The Jacarê neighborhood in the northern part of Rio de Janeiro was an important industrial area. However for the past 25 years factories have been closing one after another.
On the other hand, for the past 25 years the rate of inflation has been increasing in Brazil, and for the past 3 years it has increased so much that many people can't afford to pay their rent anymore.
Therefore they started to squat in those old factories. The government of Rio de Janeiro is willing to destroy those old factories and replace them with new social housing projects. However this process is taking too long and the people who live in these places get sick easily, have trouble sleeping, or develop mental illness.

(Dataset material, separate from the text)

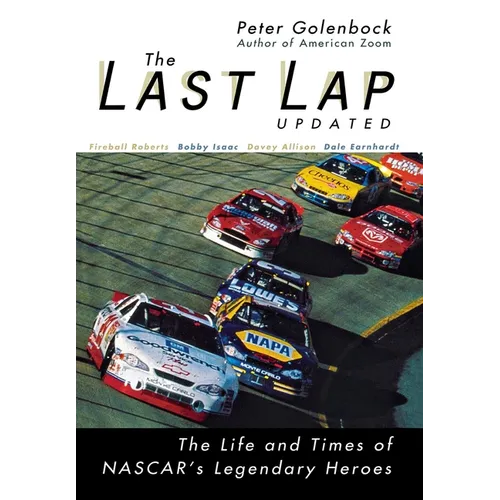 The Last Lap: The Life and Times of NASCAR's Legendary Heroes - Hardcover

The project's initial aim was to enter the old factories and tell the story of each person photographed in order to raise awareness worldwide of their hardships and dispel prejudices about them. These people work, they take care of their families. My Brazilian friend and sociologist Douglas Khayat, who was already working inside the community, would record their stories while I would take their portrait. After creating a blog Douglas Khayat and I decided to publish a book to officially create a hard copy of the project and thereby increase its exposure. We are now counting on you to help us bring this important project to life and show the world that we can make a difference.
Whereas Brazil spent almost 10 billion dollars on the World Cup, we have to show Brazil that its true priorities lay elsewhere and that the government has the power and money to achieve what they promised.